We  know  as  a  fact  that  Satan’s sin produced real distress in heaven for
many of the angels rebelled with him.  Moreover,  as we have seen, his
rebellion also produced a cursed earth and death in man and the lesser
creatures.  If Satan had  rebelled much earlier than  the time of the episode
in the Garden of Eden, so that there already were results–death and decay–in
the universe as  well as rebellion in heaven,  one surely could  expect some
provision  for redemption of  the earth and heaven.  None, however, is
suggested or intimated before  the fall, in regards to  Adam’s mandate.  His
only job was to conquer Satan by  his perfect and loyal obedience.  Could this
have been because Satan’s fall was simultaneous?

    When we  look at the last Adam,  Jesus Christ, however, we see immediately
that He had a two-fold task.  He must destroy Satan by His  perfect  obedience 
as  part  of  His  mandate.  In  this He paralleled the first Adam.

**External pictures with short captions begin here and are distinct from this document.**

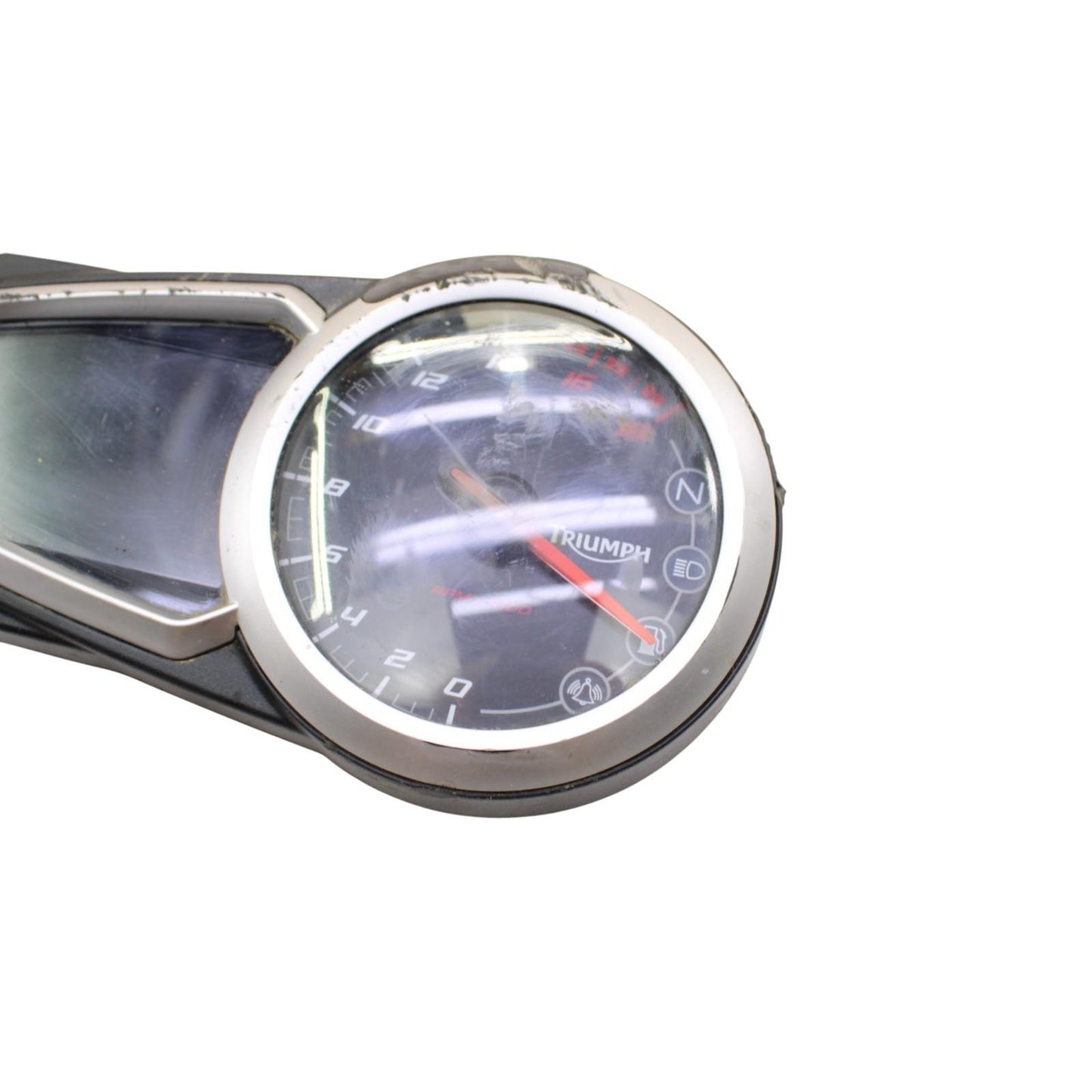 2013 - 2017 TRIUMPH DAYTONA 675R SPEEDOMETER INSTRUMENT CLUSTER GUAGES STOCK OEM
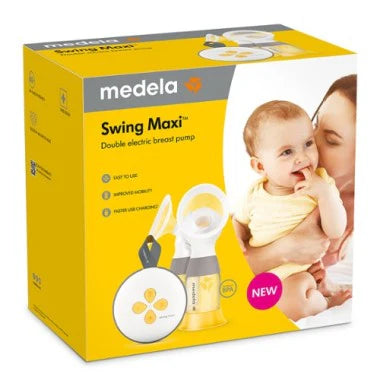 extractor electrico doble swing maxi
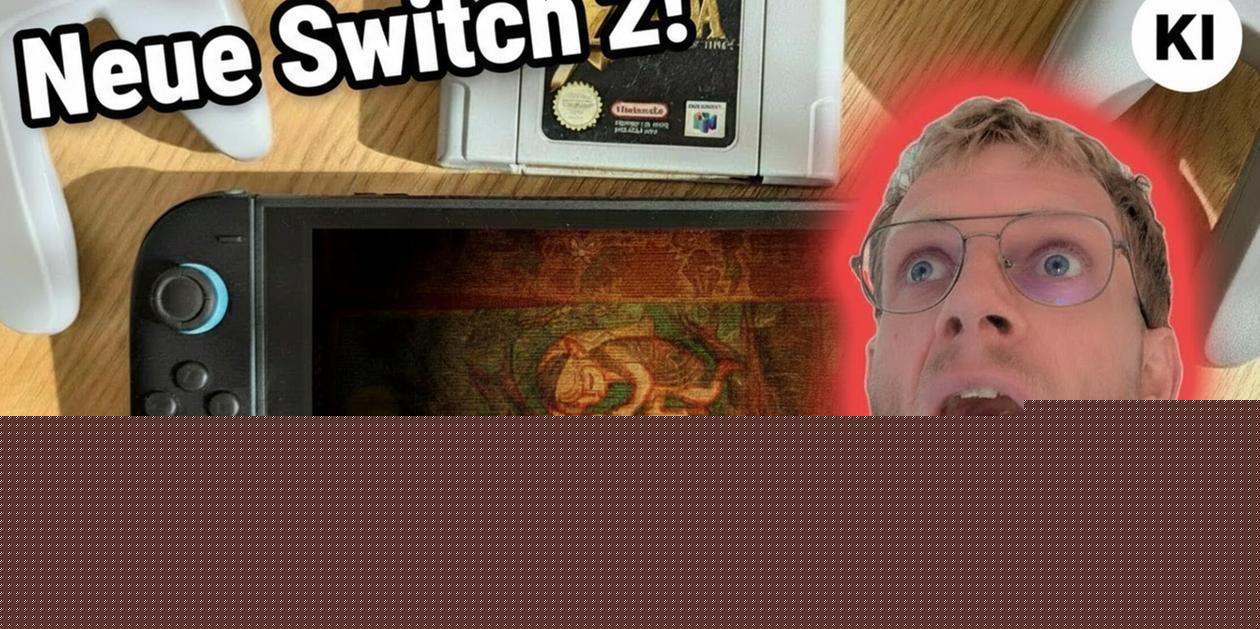Oberhammer für Zelda-Fans: Neue Nintendo Switch 2-Konsole aufgetaucht - Release 2026, erste Bilder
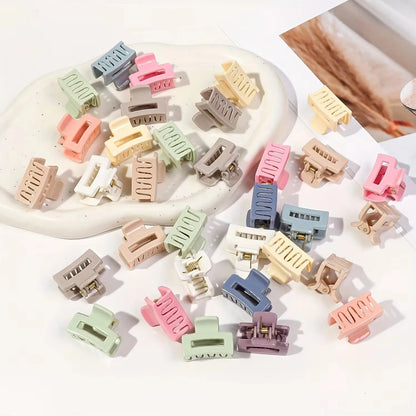 20 Pack Mini Hair Clips Strong Hold Nonslip Durable Claws - Smarsty
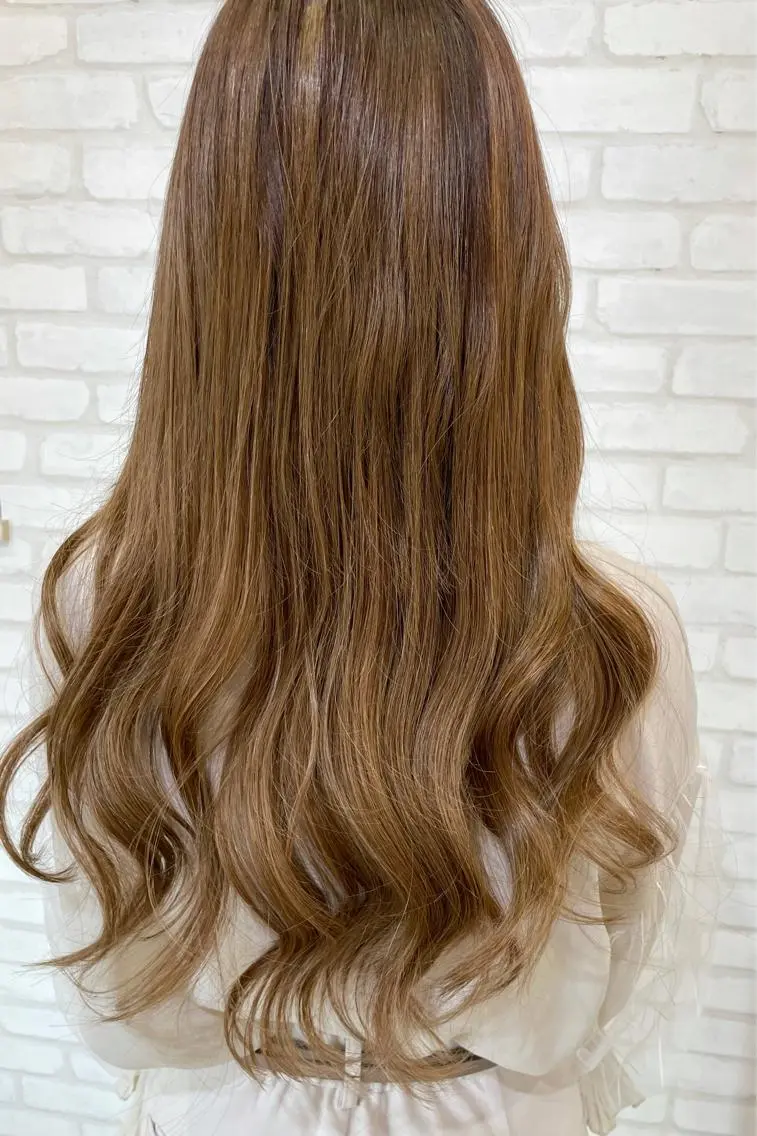 ロング ボブ 💎メンズカット/ 透明感　吉田拓海💎のヘアスタイル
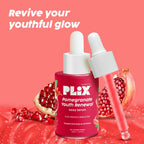PLIX The Plant Fix Pomegranate Youth Renewal 0.6% Retinol & 0.2% Bakuchi Oil Face Serum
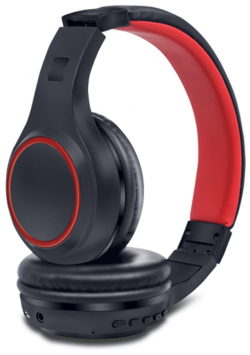 iBall Bt01 Over-ear Bluetooth Headsets ( Black )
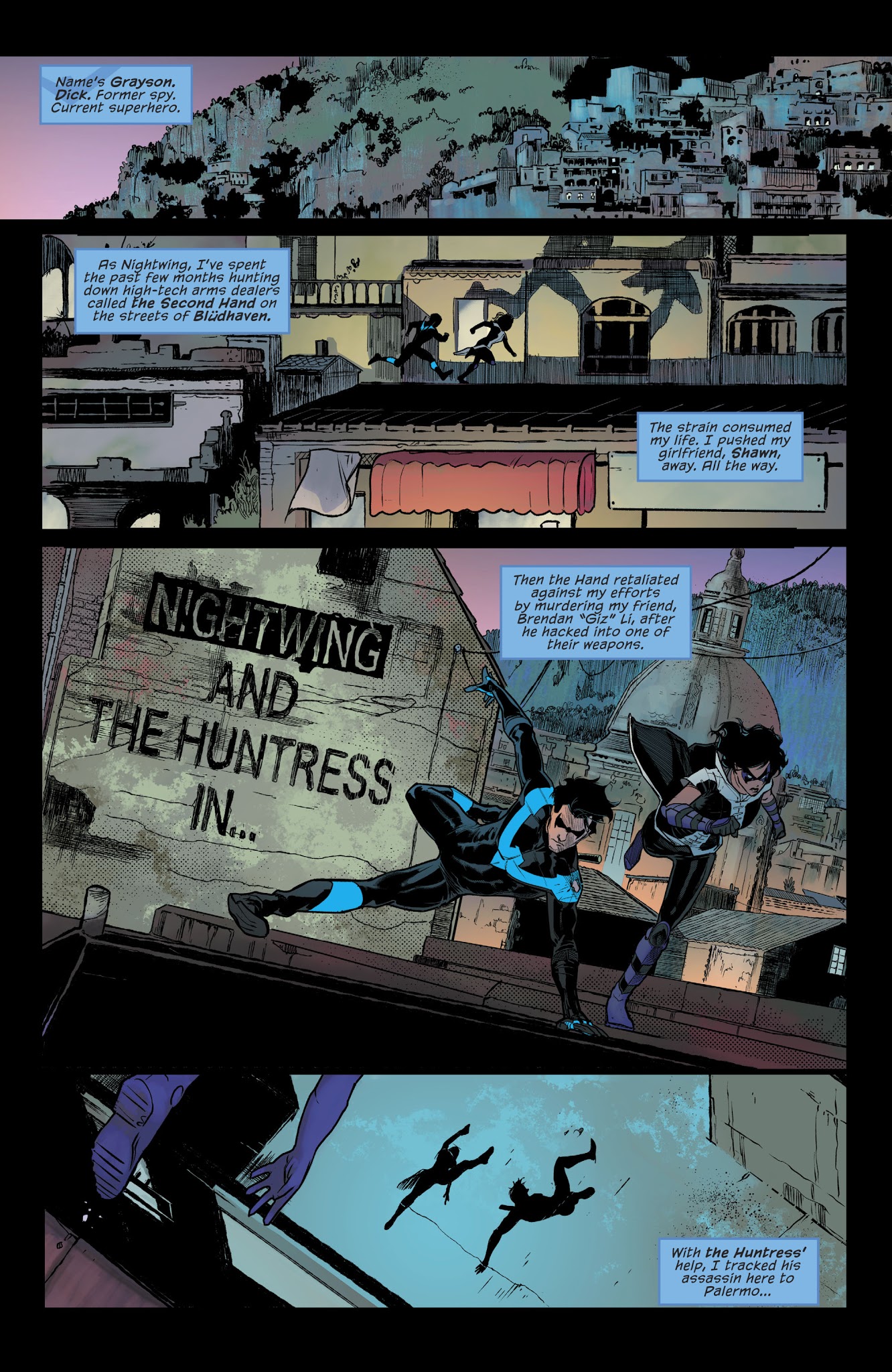 Nightwing (2016) issue 27 - Page 4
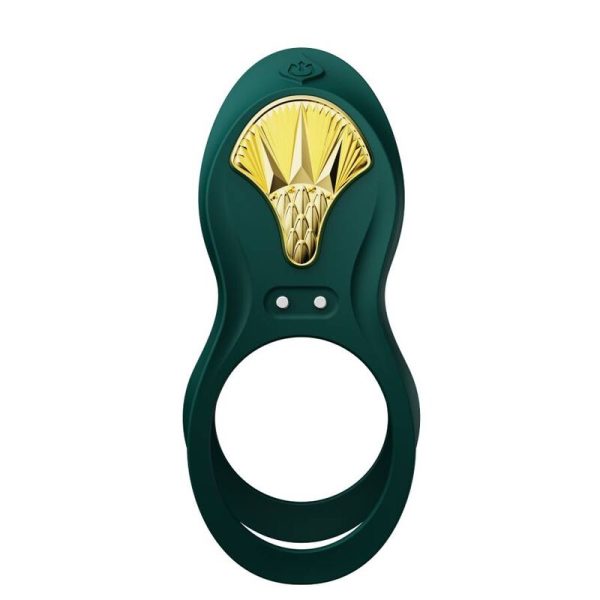 ZALO - ANILLO VIBRANTE PARA PAREJAS BAYEK VERDE - Imagen 10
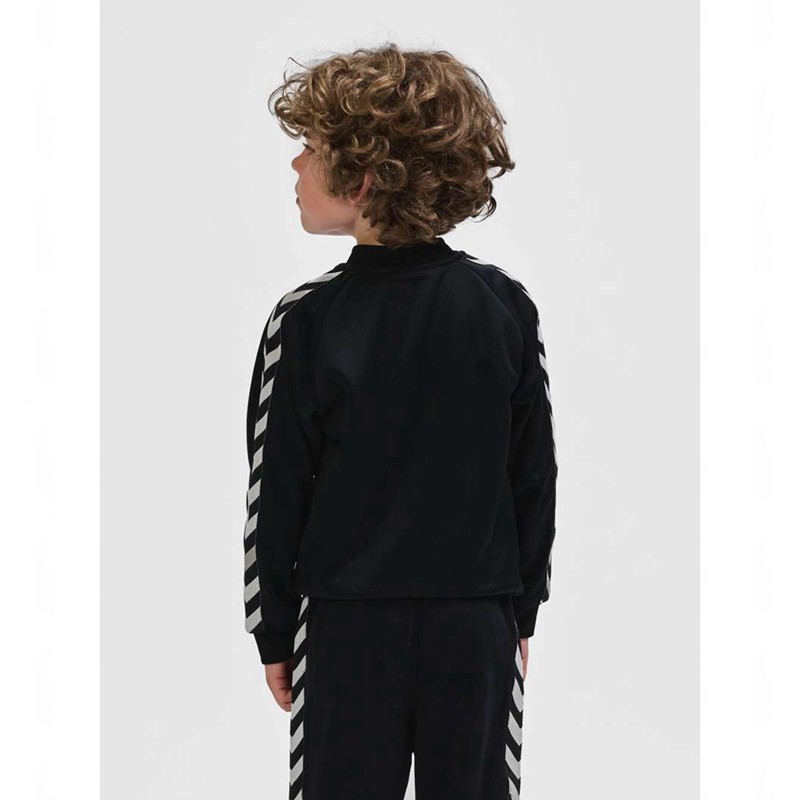 Hummel Newi Zip Jacken Kinder Schwarz | 678090-397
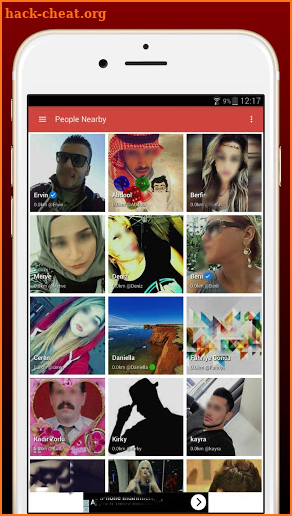 Eros - Friend, chat, meet screenshot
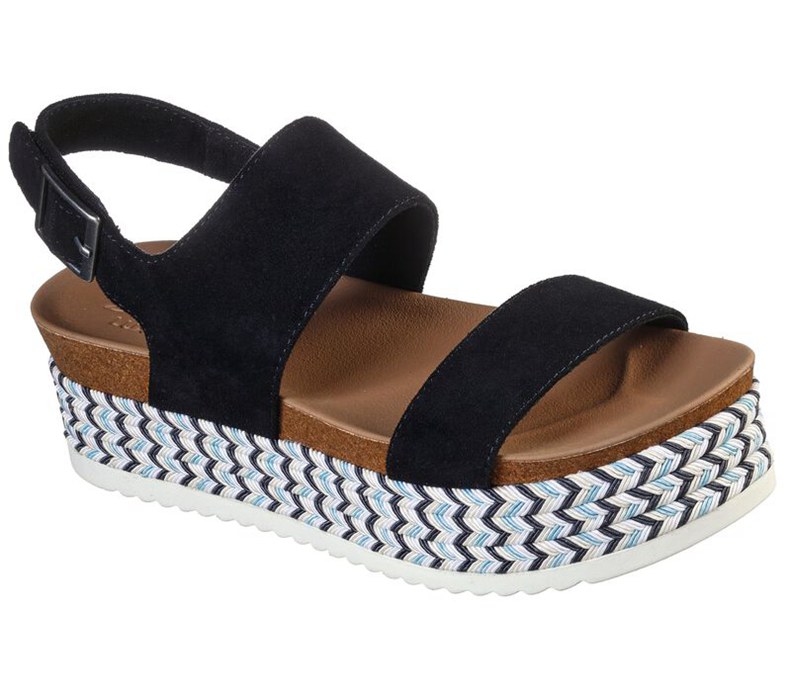 Skechers Midnights - Womens Sandals Black [AU-CR4816]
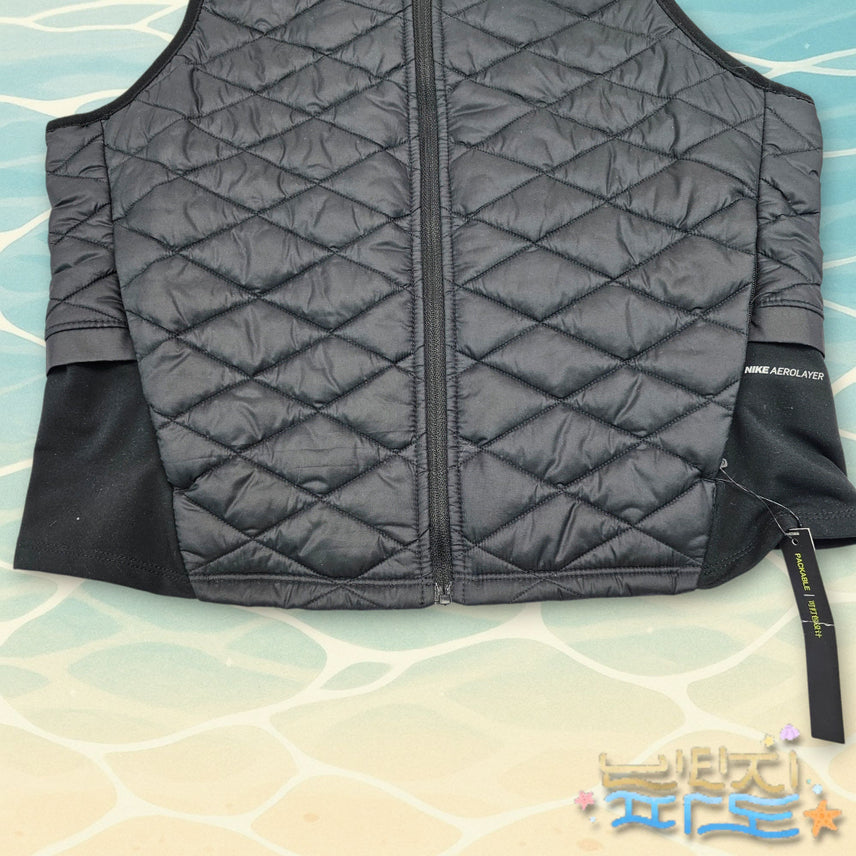 [BUNJANG] Nike Aerolayer Packable Quilted Vest / 85 새상품 나이키 에어로레이어 패커블 퀼팅조끼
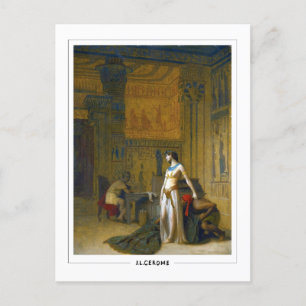 Jean-Léon Gérôme #198 - Carte postale Art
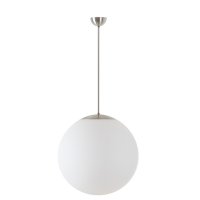 OSMONT ADR45357 ADRIA P4 z�v�sn� sklen�n� sv�tidlo kart��ovan� nerez / b�l� IP40 40W E27 HF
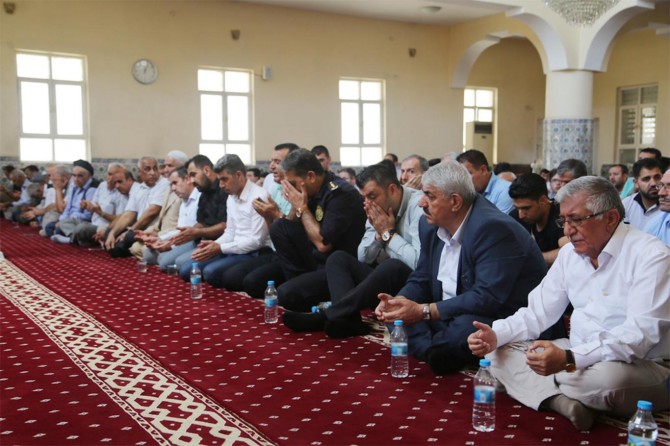 Silopi'de 15 Temmuz şehitlerini anma etkinliği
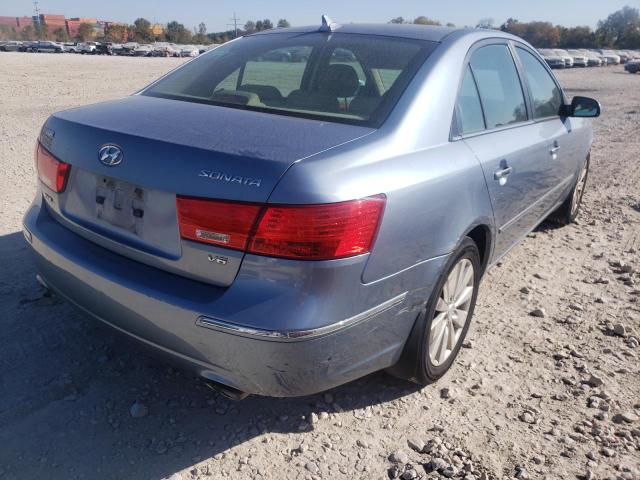 Photo 4 from auction – 2009 HYUNDAI SONATA SE with VIN 5NPEU46F29H460886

    But the God-man Jesus must also destroy the work of Satan.  He must redeem
a  cosmos that had become ruined  and deranged because of the dominion of
Satan. The  havoc of Satan’s rebellion not only resulted  in a  wrecked earth 
but also  in a heaven that required renewing.  This renewing was Christ’s task 
as we see in Ephesians 1:9.

    For  he has  made known to  us in all  wisdom and insight  the mystery  of
his will,  according to purpose  which he set forth in Christ as a plan for
the fullness of time, to  unite all things in him, things in heaven and things
on earth.

    This corresponds to the statment of II Peter 3:12,13–that the heavens as
well as the earth are to be  renovated, and new heavens and a new earth to be
provided:

    Waiting  for  and  hastening  the  coming  of  the day of God,
    because  of which the  heavens will be  kindled and dissolved,
    and the  elements will melt  with fire.  But  according to his
    promise  we  wait  for  new  heavens  and a new earth in which
    righteousness dwells.

    Adam was given no  mandate relative to the work  of Satan and, therefore,
we must conclude heaven  as well as earth were  without the  ravages  of  sin 
until  this  moment  in  history  when  the temptation  took place. 
Therefore, Satan’s  fall must  have been simultaneous with man’s.

Creation Cursed

    Now  the  whole  picture  of  misery  lies unfolded before us.  Satan is
cursed so that whereas in his pride he wanted to be King, he  now  is  told 
that  he  is  to  be less than the least of the animals.  He, who aspired to 
rule over man who was created in the image of God, is cursed to be less than
the least of the creatures with the breath of life.  The creation,  too, was
cursed.  Because Adam, who had been given  dominion over the  creation, was
cursed, all that over which he was to reign was also cursed.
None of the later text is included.